## Data below
------------------------

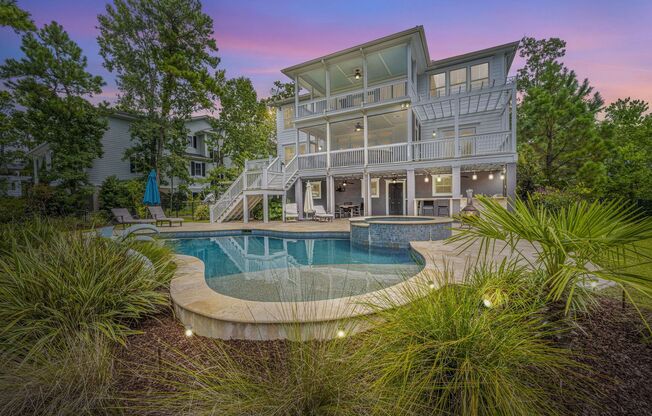 Stunning executive home in Park West with pool and dock - Toomer Creek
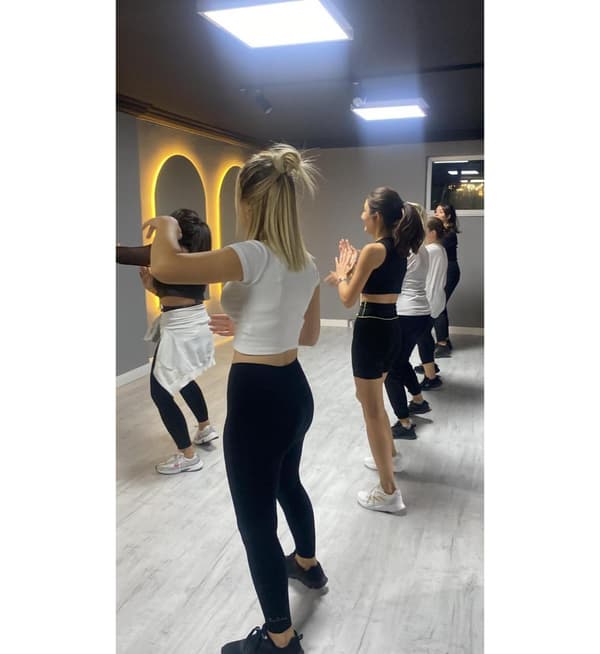 CM Sports Studio - 11. Fotoğraf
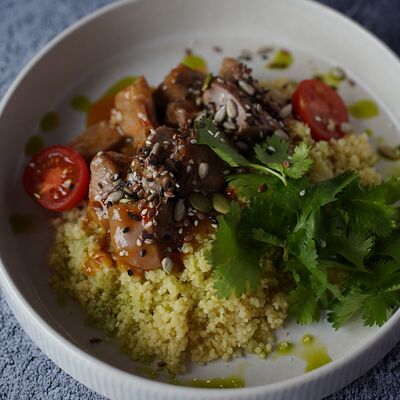 Индейка в кисло-сладком соусе с гарниром на выбор в Кофетоп по цене 840 ₽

------------------------

## Work task
Make an exact printout of the listing above, omitting the images.

## Answer below
 Stunning executive home in Park West with pool and dock - Toomer Creek
 CM Sports Studio - 11. Fotoğraf
 Индейка в кисло-сладком соусе с гарниром на выбор в Кофетоп по цене 840 ₽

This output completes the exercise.